In part one of this series, I shared five things you ought to know about Salesforce for association management. That article explained the multiple benefits of choosing Salesforce as a foundation for managing the many aspects of the relationship you have with your members. I also profiled Fonteva, a Salesforce partner that has built a packaged application on top of Salesforce for handling the other aspects of your organization, such as e-commerce, online event management, community participation and membership engagement. Fonteva’s solution could be called a “branded” application because it delivers association management and you can extend it further by “plugging in” extensions that you choose from the Salesforce AppExchange or Fonteva’s own App Marketplace. Nimble is another popular branded application that works with Salesforce too.

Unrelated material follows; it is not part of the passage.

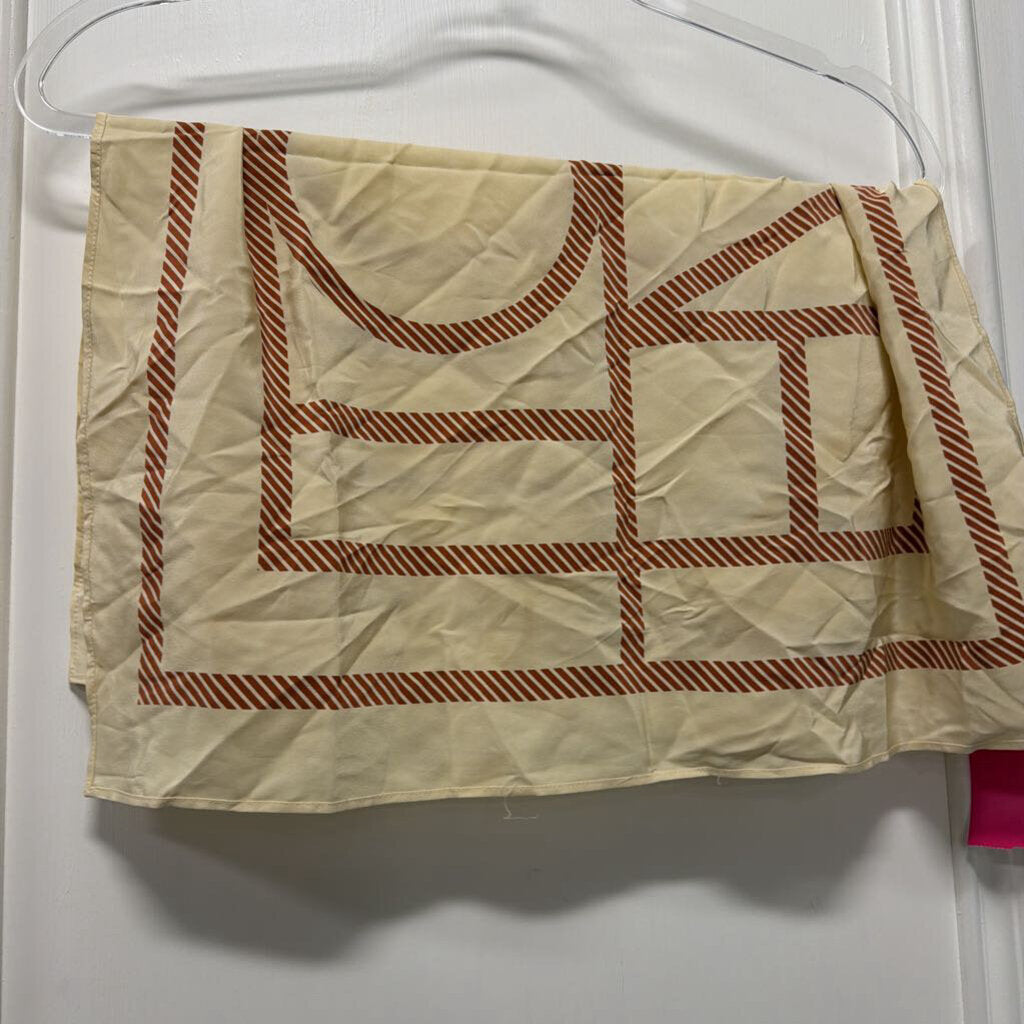 Cream Monogram Scarf (as is discoloration)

The terms “branded” and “native” come from the content world. Native content is meant to promote and sell specific products; branded content is meant to provoke an emotional response and thereby build the brand. Each has its place, and neither is better than the other. Why is a product like Fonteva or Nimble considered branded? Because users are immersed in the experience those companies set up for you. They wrap association users into a blanket of usability that protects them from having to understand the nuances of working with Salesforce. They don’t even need to worry about having Salesforce licenses; it’s encompassed within the licensing they sell. Fonteva and Nimble and other branded solutions meet the vast majority of requirements needed by associations and just happen to be built on Salesforce.
However, some associations don’t need that level of protection. They may be large enough to have the expertise on staff to wield Salesforce in whatever direction they choose. These organizations want to take a platform that handles a lot of the lifting, but then customize it in their own mold. They may, in fact, already be using Salesforce in some part of the association. They prefer to go native.

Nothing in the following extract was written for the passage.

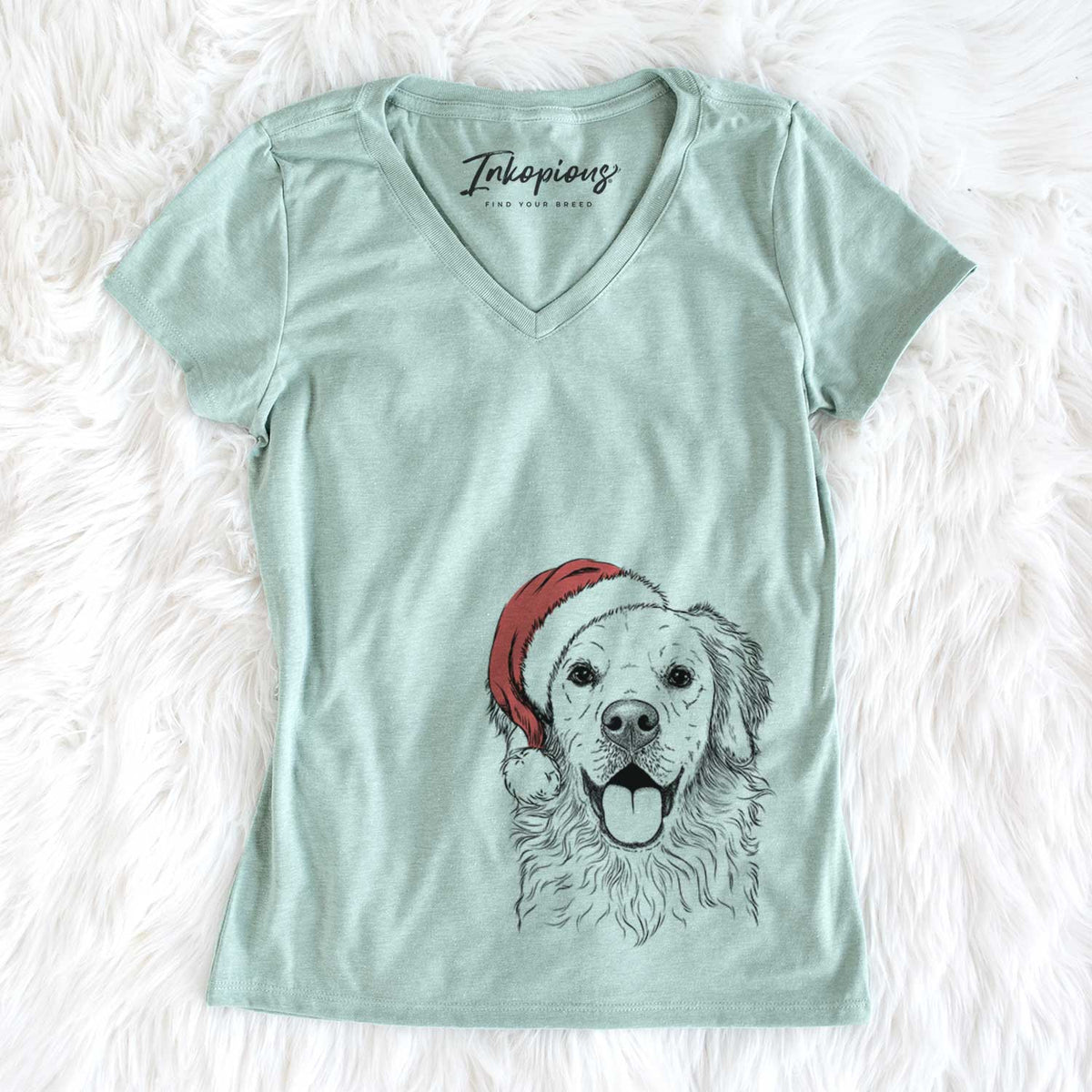 Santa Juniper the Golden Retriever - Women&#39;s V-neck Shirt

Fortunately, the Salesforce market is large enough to accommodate both kinds of approaches.
A Ton of Momentum
Mark Patterson, CEO of Fíonta, explains that the choice between developing a native solution or going with a packaged or branded application really has to do with “how closely the business model and the requirements match what those products offer.” As he notes, if your requirements extend too far beyond the “standard functionality” or you need significant customizations that are costly to program in the branded offering, “you may be better off going with native Salesforce.” The reason: Any time the packaged solution is upgraded, you’ll likely need to revisit the customizations to bring them up to date too, which will increase overall cost of ownership. Choosing native from the beginning allows you to set your own timetable for making those updates and refreshing your application.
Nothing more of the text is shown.